Nishino Rumiko, who interviewed former unit members of Unit 731, recounted during her lecture on “Unit 731 and Comfort Women”: “Infection of venereal disease by injection was abandoned, and the researchers started forcing the prisoners into sexual acts with each other. Four or five unit members, dressed in white laboratory clothing completely cover the body with only eyes and mouth visible, handled the tests. A male and female, on inflicted with syphilis, would be brought together in a cell and forced into sex with each others. It was made clear that anyone resisting would be shot.”

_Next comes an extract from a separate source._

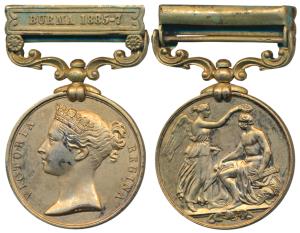 India General Service, Bronze Medal, Queen Victoria, Burma 1885-7 bar, awarded to Hospital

3.The testimony of a former medical assistant in Unit 731

Speaking to the New York Times in 1996, a former medical assistant in Unit 731 anonymously revealed what happened during his first vivisection.

“The fellow knew that it was over for him so he did not struggle when they led him into the room and tied him down. But when I picked up the scalpel that’s when he began screaming. I cut him open from the chest to the stomach, and he screamed terribly, and his face was all twisted in agony.

“He made this unimaginable sound, he was screaming so horribly. But then finally he stopped.

“This was all in a day’s work for the surgeons, but it really left an impression on me because it was my first time.”

4.A doctor of Unit 731 described his first vivisection in a 2007 interview with The Japan Times

Dr Ken Yuasa (1916-2010), a wartime surgeon, was one of at least 1,000 other doctors and nurses who conducted vivisections – surgeries conducted for experimental purposes on live organisms – under Unit 731.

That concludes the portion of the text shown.